IRIS is integrated with Dex for seamless document processing:

Python Package

Use programmatically through the Dex SDK:
from dex_sdk.client import DexClient
from dex_core.models.parse_job import IrisParseEngineOptions, IrisParseJobParams

# Initialize client and project
dex_client = DexClient(base_url="your-dex-url")
project = await dex_client.create_project(name="ocr-project")

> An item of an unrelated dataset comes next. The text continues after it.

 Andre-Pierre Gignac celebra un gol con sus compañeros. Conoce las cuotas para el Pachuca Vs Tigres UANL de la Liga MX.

# Upload and parse document
dex_file = await project.upload_file("document.pdf")
parse_job = await dex_file.start_parse_job(
    IrisParseJobParams(options=IrisParseEngineOptions())
)
result = await parse_job.get_parse_result()

Language Support

IRIS supports multi-language OCR with models optimized for different language families. Specialized support includes:
  • Arabic: Arabic Nougat models, QAARI, MBZUAI-AIN, Gemini
  • Multi-language: EasyOCR, Tesseract, PaddleOCR with broad language coverage
  • Universal: Vision-language models (GPT-4o, Gemini, Qwen) supporting many languages

Key Advantages

Extensibility

Designed for easy extension. Add support for new OCR libraries, layout detectors, or assembly formats through simple adapter classes.

Transparency

Inspect every pipeline stage to understand model behavior, debug issues, and optimize results for your specific documents.

Flexibility

Mix and match components—use different OCR models for text vs. tables, choose layout detectors based on document type, and customize assembly output.

API Integration

Vision-language models (Gemini, GPT-4o) use LiteLLM for unified API access, making it easy to leverage advanced AI capabilities.

Next Steps

To start using IRIS:
  1. Review the Using IRIS with Dex guide for integration details
  2. Set up your Dex client and SGP credentials
  3. Upload documents and start parse jobs
  4. Configure OCR options for your specific document types
  5. Integrate IRIS into your document processing workflows
IRIS provides the building blocks for robust document OCR while giving you complete control over the processing pipeline.